Apeomyoides


Apeomyoides savagei is a fossil rodent from the Miocene of the United States, the only species in the genus Apeomyoides. It is known from fragmentary jaws and isolated teeth from a site in the early Barstovian, around 15–16 million years ago, of Nevada. Together with other species from scattered localities in the United States, Japan, and Europe, Apeomyoides is classified in the subfamily Apeomyinae of the extinct rodent family Eomyidae. Apeomyines are a rare but widespread group that may have been adapted to a relatively dry habitat.

As is characteristic of apeomyines, Apeomyoides was a large eomyid with high-crowned cheekteeth and a large gap between the incisors and cheekteeth. Furthermore, the cheekteeth—premolars and molars—approach a bilophodont pattern, with two distinct lobes. Other features distinguish Apeomyoides from other apeomyines, including the rectangular shape of the cheekteeth. The fourth lower premolar (p4) is larger than the molars behind it and has two roots, while the lower molars have three.

Apeomyoides is a member of the Eomyidae, a diverse rodent family that is now extinct. Eomyids first appeared in the Middle Eocene (~47 million years ago, mya) in North America, where they existed until the end of the Miocene (~5 mya). In Europe, they survived a little longer, until the end of the Pliocene (~2–3 mya).[1] Apeomyoides is further part of a distinctive subgroup of eomyids known as the Apeomyinae. The first apeomyine to be discovered was Apeomys tuerkheimae, named in 1968 based on fossils from the Early Miocene of Germany, and later discoveries have expanded the range of Apeomys and similar taxa. In 1998, Oldřich Fejfar and colleagues reviewed Apeomys and identified a second, related genus Megapeomys, from the Early Miocene of Germany, the Czech Republic, and Japan. These scientists also named a new eomyid subfamily, Apeomyinae, to house Apeomys and Megapeomys.[2] The Japanese Megapeomys was named as a separate species, Megapeomys repenningi, in 2011.[3] Further apeomyines have been identified in North America: Megapeomys bobwilsoni from the Hemingfordian of Nevada, Apeomyoides savagei from the Barstovian of Nevada,[4] Zophoapeomys indicum from the Late Oligocene of South Dakota,[5] and a possible second species of Zophoapeomys from the Late Oligocene of Nebraska.[6] Another North American eomyid, Arikareeomys skinneri, from the Arikareean of Nebraska, has also been reidentified as an apeomyine.[7]
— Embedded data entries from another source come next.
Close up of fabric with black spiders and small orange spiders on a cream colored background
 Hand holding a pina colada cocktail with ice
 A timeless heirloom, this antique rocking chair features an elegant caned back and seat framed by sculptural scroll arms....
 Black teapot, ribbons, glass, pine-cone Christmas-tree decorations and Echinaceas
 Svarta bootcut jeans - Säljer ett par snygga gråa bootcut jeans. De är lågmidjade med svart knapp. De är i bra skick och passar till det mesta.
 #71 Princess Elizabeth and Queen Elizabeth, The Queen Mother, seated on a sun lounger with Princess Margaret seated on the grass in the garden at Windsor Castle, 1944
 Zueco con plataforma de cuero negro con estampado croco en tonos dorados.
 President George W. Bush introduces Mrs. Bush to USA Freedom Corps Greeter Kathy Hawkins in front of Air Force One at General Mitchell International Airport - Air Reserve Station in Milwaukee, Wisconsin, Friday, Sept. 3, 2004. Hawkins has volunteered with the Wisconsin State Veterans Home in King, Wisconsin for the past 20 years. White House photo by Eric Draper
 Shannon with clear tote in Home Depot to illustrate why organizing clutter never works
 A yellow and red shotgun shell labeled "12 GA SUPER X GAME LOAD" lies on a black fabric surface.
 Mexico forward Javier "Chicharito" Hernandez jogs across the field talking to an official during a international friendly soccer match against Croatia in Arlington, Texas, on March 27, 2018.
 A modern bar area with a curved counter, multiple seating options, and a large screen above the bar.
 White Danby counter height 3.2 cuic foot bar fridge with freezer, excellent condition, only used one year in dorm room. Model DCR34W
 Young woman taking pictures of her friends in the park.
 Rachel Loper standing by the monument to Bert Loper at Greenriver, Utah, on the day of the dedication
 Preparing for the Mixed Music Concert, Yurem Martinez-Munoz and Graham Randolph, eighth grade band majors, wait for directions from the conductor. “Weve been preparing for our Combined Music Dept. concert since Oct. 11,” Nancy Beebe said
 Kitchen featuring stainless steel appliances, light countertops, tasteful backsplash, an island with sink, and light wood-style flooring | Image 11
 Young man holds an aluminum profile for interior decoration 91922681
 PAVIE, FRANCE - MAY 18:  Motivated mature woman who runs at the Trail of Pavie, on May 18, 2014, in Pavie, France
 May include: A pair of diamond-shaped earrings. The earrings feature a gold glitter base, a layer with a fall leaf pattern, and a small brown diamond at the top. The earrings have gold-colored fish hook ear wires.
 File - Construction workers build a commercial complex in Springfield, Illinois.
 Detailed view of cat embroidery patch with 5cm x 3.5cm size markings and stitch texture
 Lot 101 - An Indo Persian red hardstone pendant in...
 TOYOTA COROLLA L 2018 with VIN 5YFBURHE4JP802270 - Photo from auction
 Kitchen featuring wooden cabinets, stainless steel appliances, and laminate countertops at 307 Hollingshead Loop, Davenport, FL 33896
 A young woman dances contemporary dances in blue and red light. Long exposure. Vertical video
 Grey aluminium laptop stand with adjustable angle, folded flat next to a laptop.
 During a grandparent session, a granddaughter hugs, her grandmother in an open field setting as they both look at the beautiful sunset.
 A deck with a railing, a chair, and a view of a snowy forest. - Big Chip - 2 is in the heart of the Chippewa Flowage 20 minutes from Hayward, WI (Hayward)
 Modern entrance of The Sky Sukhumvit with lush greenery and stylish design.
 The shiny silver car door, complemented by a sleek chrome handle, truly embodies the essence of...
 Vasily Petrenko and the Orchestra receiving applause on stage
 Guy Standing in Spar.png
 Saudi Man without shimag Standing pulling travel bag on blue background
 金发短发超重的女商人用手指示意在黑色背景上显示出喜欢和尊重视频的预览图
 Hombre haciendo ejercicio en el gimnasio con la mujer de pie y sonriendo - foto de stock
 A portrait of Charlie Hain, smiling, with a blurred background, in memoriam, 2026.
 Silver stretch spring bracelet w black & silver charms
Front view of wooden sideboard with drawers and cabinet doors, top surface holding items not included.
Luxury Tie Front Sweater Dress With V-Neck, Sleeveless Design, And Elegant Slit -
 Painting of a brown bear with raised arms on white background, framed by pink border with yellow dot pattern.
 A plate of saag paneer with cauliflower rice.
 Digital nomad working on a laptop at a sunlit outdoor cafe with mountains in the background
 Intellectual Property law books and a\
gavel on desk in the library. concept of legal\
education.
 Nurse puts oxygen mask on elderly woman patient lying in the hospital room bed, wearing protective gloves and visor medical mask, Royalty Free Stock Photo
In general, apeomyines are a widespread but generally rare group of dentally distinctive eomyids with a tendency towards large size.[8][9] Fejfar and colleagues suggested that apeomyines were ecologically distinct from other eomyids and probably preferred a drier habitat.[10] Although other scientists recognized Apeomyinae as a subfamily, in a 2008 summary of North American eomyids, Lawrence Flynn placed the group as a tribe, Apeomyini, within the subfamily Eomyinae.[9] Flynn described Apeomyoides as the most derived apeomyine.[11]

Apeomyoides savagei was described as a new genus and species by Kent Smith, Richard Cifelli, and Nicholas Czaplewski in 2006. The generic name, Apeomyoides, adds the Greek suffix -ides, indicating similarity, to the name of the related genus Apeomys,[12] while the specific name, savagei, honors Donald E. Savage for his work on fossil mammals and for assistance to Smith.[13] In the same paper, these scientists argued in favor of apeomyine affinities for Arikareeomys.[12]


Cheekteeth of Apeomyoides savagei seen in occlusal view (looking at the chewing surface), with electron micrographs in stereopairs and explanatory drawings. A, right P4 through M3 of the holotype. B, left DP4. C, left M1 or M2.